Und auch „Es“ grüßte freundlich …  😉

Sogleich griff ich nach dem Programmheft, das nicht nur durch diese Ausstellung, sondern gleich durch Frida´s ganzes Leben führt – nach nun sechs erfolgreichen Ausstellungen in Baden-Baden ist es ganz schön umfangreich geworden. Eine Fundgrube an Wissenswertem und an „Geheimnissen“ für den, der Frida Kahlo verehrt wie ich.

IMG_4251

IMG_4252

„Wenn Sie meine Bilder sehen, die Ihnen die Geschichte meines Lebens, meiner Familie und Freunde erzählen, müssen Sie bedenken, dass ich den Pinsel habe, ich habe die Kontrolle, das zu malen, was ich will, und ich habe die Kontrolle, Ihnen die Realität so zu zeigen, so wie ich Ihnen diese gerne zeigen möchte.“ (Text im Programmheft)

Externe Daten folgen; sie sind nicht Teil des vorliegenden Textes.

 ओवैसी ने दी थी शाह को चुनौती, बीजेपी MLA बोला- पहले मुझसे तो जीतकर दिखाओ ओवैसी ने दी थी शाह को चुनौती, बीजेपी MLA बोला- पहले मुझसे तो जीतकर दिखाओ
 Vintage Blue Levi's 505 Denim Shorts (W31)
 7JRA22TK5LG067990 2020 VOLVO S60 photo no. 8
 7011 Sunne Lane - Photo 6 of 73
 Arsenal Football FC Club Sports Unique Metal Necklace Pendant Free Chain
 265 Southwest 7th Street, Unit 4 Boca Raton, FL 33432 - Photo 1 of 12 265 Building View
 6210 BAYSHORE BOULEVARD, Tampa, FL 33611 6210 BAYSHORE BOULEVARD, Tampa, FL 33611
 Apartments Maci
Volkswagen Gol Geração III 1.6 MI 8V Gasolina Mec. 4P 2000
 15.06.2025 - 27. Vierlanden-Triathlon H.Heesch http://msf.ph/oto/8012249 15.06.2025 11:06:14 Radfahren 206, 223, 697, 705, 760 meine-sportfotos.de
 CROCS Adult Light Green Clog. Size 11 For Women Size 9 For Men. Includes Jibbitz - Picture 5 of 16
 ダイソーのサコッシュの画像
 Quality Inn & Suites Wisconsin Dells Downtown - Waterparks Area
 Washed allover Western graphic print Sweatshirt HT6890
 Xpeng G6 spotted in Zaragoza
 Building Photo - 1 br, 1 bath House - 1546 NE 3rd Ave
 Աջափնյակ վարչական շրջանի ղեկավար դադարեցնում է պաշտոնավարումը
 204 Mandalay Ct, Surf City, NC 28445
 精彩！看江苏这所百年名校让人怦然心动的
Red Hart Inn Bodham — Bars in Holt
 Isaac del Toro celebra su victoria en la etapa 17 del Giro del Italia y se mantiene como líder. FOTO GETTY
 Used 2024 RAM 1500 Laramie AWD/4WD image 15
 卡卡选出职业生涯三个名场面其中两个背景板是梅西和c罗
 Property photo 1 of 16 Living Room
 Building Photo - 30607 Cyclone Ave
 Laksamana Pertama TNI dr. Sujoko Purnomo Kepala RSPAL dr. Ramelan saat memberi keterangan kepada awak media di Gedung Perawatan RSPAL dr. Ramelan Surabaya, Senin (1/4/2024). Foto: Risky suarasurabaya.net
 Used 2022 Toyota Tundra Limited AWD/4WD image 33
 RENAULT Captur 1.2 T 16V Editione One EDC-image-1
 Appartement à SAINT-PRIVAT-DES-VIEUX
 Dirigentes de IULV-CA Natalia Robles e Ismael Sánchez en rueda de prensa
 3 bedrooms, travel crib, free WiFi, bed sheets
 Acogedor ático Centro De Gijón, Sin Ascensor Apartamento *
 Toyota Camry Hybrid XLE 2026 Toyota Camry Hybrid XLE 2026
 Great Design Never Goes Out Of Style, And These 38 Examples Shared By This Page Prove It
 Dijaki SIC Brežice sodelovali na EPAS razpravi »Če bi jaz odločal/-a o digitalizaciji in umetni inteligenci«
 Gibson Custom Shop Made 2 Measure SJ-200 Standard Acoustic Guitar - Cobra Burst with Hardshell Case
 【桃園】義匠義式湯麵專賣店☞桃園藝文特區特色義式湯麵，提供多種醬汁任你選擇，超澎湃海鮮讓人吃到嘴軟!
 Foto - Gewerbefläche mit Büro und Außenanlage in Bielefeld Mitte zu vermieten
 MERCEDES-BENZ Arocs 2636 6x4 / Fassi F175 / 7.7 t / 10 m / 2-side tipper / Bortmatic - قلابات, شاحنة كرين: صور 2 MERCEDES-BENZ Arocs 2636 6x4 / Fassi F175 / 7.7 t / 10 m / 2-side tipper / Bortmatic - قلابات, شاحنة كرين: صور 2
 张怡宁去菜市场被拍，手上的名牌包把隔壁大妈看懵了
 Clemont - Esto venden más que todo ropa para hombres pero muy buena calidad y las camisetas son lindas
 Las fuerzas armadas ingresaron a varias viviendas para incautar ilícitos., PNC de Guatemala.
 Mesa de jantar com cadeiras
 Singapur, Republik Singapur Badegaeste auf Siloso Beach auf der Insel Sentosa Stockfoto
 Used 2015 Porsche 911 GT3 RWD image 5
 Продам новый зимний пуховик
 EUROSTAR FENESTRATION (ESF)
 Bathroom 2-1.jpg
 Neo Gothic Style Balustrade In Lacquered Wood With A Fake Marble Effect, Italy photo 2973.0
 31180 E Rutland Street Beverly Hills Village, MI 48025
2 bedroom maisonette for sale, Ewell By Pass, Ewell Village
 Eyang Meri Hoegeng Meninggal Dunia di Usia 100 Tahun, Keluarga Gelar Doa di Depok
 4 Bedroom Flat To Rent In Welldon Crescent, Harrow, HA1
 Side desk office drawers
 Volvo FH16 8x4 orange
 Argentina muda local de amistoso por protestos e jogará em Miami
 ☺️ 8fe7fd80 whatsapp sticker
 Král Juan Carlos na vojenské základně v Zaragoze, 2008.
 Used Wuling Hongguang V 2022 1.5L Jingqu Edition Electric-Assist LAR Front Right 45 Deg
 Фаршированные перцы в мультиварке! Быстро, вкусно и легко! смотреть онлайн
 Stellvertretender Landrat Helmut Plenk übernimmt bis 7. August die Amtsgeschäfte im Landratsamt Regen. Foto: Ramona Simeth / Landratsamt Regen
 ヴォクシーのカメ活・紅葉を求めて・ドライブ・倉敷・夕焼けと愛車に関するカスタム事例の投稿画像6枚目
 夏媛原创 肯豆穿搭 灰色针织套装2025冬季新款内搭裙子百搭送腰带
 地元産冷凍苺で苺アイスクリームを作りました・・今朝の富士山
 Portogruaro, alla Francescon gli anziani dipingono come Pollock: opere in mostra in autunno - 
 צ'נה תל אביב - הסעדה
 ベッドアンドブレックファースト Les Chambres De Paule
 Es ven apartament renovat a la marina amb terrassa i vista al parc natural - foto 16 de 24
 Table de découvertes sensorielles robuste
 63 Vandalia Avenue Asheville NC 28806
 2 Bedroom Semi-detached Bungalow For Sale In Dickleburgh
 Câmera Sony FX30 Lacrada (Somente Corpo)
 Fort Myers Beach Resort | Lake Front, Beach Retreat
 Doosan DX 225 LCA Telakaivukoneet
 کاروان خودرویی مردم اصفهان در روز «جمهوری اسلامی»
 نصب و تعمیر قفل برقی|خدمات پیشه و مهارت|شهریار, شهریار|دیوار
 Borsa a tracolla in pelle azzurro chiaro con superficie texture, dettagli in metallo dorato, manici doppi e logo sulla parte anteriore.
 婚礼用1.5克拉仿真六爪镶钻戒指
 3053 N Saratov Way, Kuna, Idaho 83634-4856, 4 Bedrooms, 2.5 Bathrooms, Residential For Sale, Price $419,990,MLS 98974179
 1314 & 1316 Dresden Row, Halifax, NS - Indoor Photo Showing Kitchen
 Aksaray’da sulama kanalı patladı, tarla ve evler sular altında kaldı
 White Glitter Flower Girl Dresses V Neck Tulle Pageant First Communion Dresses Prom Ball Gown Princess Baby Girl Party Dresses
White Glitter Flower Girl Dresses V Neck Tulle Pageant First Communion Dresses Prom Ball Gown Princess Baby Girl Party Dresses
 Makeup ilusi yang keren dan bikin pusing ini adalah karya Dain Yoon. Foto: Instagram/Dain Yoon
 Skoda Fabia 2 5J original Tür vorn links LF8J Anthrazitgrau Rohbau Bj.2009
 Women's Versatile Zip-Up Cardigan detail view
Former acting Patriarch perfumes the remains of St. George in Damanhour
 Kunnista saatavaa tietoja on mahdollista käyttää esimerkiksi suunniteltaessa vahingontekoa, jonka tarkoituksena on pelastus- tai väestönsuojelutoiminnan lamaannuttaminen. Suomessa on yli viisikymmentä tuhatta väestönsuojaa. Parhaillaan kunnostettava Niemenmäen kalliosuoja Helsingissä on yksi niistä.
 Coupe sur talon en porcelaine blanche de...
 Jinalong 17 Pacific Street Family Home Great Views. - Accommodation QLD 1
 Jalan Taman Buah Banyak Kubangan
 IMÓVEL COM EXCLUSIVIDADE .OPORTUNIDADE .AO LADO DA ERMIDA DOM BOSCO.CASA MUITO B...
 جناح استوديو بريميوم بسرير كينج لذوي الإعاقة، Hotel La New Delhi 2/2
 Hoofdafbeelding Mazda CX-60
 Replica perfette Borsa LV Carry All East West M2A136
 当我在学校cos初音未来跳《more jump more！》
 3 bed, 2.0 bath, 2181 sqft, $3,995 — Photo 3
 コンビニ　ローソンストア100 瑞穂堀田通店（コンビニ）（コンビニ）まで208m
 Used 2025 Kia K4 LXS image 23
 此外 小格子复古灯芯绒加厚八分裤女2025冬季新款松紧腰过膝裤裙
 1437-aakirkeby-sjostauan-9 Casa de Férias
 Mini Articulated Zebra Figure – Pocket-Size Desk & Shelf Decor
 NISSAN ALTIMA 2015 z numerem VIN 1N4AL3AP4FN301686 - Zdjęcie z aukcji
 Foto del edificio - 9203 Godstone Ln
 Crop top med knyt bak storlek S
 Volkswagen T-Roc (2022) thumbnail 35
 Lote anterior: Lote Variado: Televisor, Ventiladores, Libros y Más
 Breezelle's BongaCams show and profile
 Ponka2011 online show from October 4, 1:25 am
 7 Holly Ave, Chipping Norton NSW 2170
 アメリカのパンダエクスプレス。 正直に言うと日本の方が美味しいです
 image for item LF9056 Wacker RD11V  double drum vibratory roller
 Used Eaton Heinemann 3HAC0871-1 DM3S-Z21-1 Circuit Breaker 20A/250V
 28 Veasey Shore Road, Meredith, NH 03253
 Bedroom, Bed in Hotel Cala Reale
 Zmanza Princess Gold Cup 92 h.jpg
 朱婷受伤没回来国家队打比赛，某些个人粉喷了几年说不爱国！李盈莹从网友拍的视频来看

Ich schaute mich um, verschaffte mir einen ersten Überblick (zum Vergrößern bitte anklicken):

Unvorstellbar, ich bekam hier eine Vorstellung von „Fridas Liebe zu Schönheit, Eleganz und wie sie ihre ausgearbeiteten Kleider, Spitzen und den Schmuck dazu benutzte ihren armen, schmerzhaften Körper zu bedecken“  …. wie in der Vorankündigung zu dieser Ausstellung beschrieben.

Dann fiel mein Blick auf einen sehr schönen Schrank. Im Programmheft las ich: „Jetzt sehen Sie den Schrank, den ich in meinem Schlafzimmer hatte und den ich für mein Puppenhaus benutzte.“ Sie sammelte Puppen, Puppenstuben-Möbel und viele niedliche Kleinigkeiten. Das tat sie, weil sie für immer ein Kind bleiben und nie erwachsen werden wollte. Das Puppenhaus zeigt eine doppelte Identität: auf der einen Seite die schweren, massiven Holzmöbel, die Kultur ihres Vaters, und auf der anderen Seite die bunte Kultur Mexikos – die Welt ihrer Mutter. Es ist faszinierend, diese Gegensätze im Schrank zu vergleichen und Rückschlüsse auf Fridas Leben zu ziehen.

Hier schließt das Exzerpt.